Asymmetries in the tunneling probability of Bose-Einstein condensate in an accelerating optical lattice

TL;DR

This paper develops a two-band model for Bose-Einstein condensate tunneling in an accelerating optical lattice, revealing asymmetries in tunneling probabilities influenced by initial populations and phases, and compares it with the nonlinear Landau-Zener model.

Contribution

It introduces a novel two-band finite-dimensional model that accounts for Bloch band structure and initial conditions, explaining experimental observations and contrasting with existing models.

Findings

Tunneling probability depends strongly on initial populations and phases.

Asymmetry in sensitivity of tunneling to nonlinearity affects experimental outcomes.

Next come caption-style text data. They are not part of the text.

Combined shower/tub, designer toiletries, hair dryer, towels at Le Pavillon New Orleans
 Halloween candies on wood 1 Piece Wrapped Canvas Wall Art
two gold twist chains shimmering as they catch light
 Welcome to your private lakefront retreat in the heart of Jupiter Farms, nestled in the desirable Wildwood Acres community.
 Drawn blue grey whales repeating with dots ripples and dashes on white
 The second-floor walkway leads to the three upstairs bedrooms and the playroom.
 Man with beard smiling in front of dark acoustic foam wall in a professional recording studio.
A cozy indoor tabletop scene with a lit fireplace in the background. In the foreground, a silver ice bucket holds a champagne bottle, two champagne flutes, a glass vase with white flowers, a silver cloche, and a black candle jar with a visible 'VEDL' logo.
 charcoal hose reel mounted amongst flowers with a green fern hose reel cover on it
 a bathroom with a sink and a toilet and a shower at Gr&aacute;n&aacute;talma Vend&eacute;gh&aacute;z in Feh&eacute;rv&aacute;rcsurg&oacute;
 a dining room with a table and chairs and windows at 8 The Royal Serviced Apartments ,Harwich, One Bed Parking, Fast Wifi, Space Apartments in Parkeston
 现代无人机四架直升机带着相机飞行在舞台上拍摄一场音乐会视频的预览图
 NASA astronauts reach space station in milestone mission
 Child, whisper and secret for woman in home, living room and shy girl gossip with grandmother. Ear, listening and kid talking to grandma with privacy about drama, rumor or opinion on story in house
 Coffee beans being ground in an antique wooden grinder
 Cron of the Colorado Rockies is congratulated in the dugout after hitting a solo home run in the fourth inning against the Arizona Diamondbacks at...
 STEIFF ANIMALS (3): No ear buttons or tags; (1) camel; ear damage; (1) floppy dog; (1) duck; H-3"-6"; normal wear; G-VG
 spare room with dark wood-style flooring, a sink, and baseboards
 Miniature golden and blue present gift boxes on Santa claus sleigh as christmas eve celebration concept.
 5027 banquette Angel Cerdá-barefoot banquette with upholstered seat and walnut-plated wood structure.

The two-band model agrees with the nonlinear Landau-Zener model when only one band is initially populated.

Abstract

We derive a two-band finite-dimensional model for description of the condensate tunneling in an accelerating optical lattice, taking into account the fine Bloch band structure. The model reveals a very strong dependence of the final band populations on the initial populations and phases. Most importantly, additionally to the known asymmetric dependence on the nonlinearity, there is also a notable asymmetry in the sensitivity of the tunneling probability to the nonliearity-induced initial population of the Bloch band to which the tunneling takes place. This fact can explain the experimentally observed unexpected independence of the upper-to-lower tunneling probablity on the nonlinearity. Finally, we compare the predictions of the two-band model with that of the well-known nonlinear Landau-Zener model and find disagreement when the two bands are initially populated. The disagreement can be qualitative and reveals itself even for a negligible nonlinearity. However, the two models agree remarkably well if just one band is populated initially.